### DIRECTIONS FOR THIS TASK
Please set out each line below exactly as it stands, without the images.

### MATERIAL FOR THIS TASK
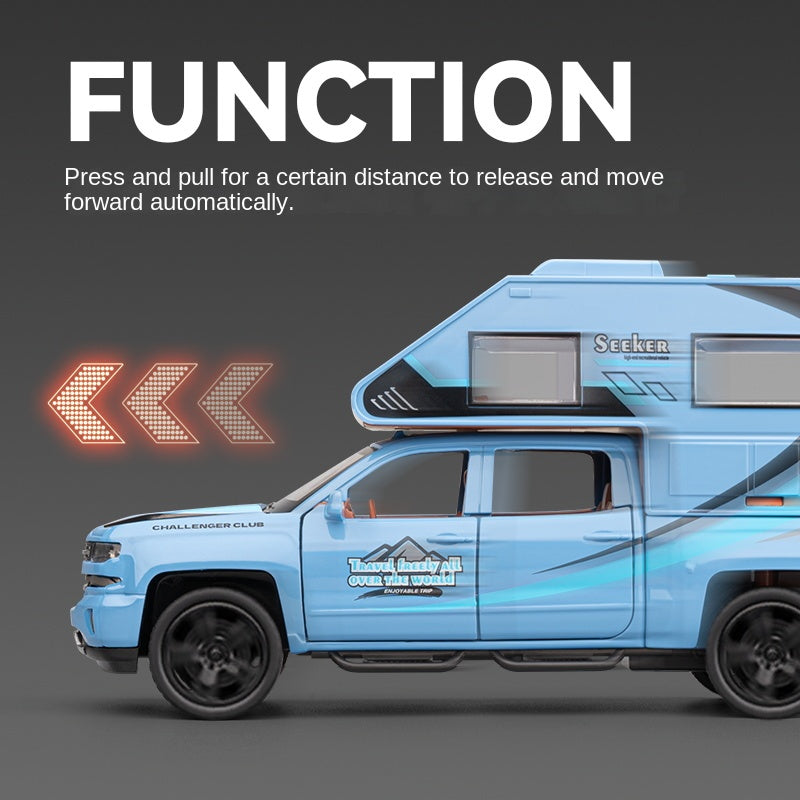 Chezhi 1:32 Scale Die-Cast Alloy Model Toy Compatible with Chevrolet Off-Road Camper - Opening Doors, Sound & Light, Pull-Back Function - Adventure Vehicle Collection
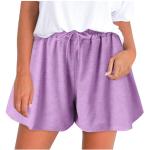 Violette Karo Vintage Freizeithosen mit Reißverschluss aus Musselin für Damen Größe L Tall 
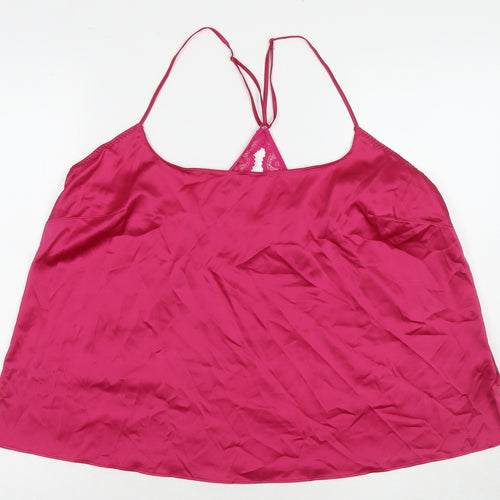 Marks and Spencer Womens Pink Polyester Camisole Tank Size L Round Neck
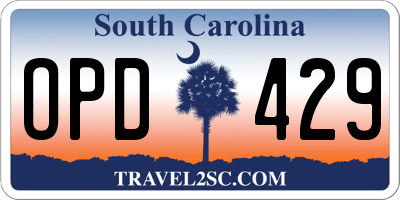 SC license plate OPD429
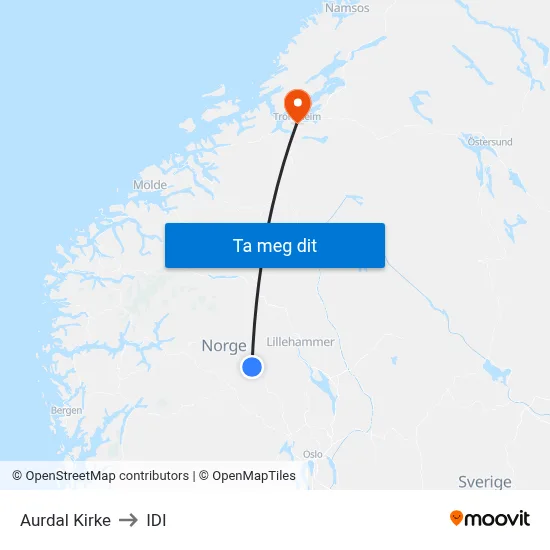 Aurdal Kirke to IDI map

### EXERCISE OUTPUT
 Chezhi 1:32 Scale Die-Cast Alloy Model Toy Compatible with Chevrolet Off-Road Camper - Opening Doors, Sound & Light, Pull-Back Function - Adventure Vehicle Collection
 Violette Karo Vintage Freizeithosen mit Reißverschluss aus Musselin für Damen Größe L Tall 
 Marks and Spencer Womens Pink Polyester Camisole Tank Size L Round Neck
 SC license plate OPD429
 Aurdal Kirke to IDI map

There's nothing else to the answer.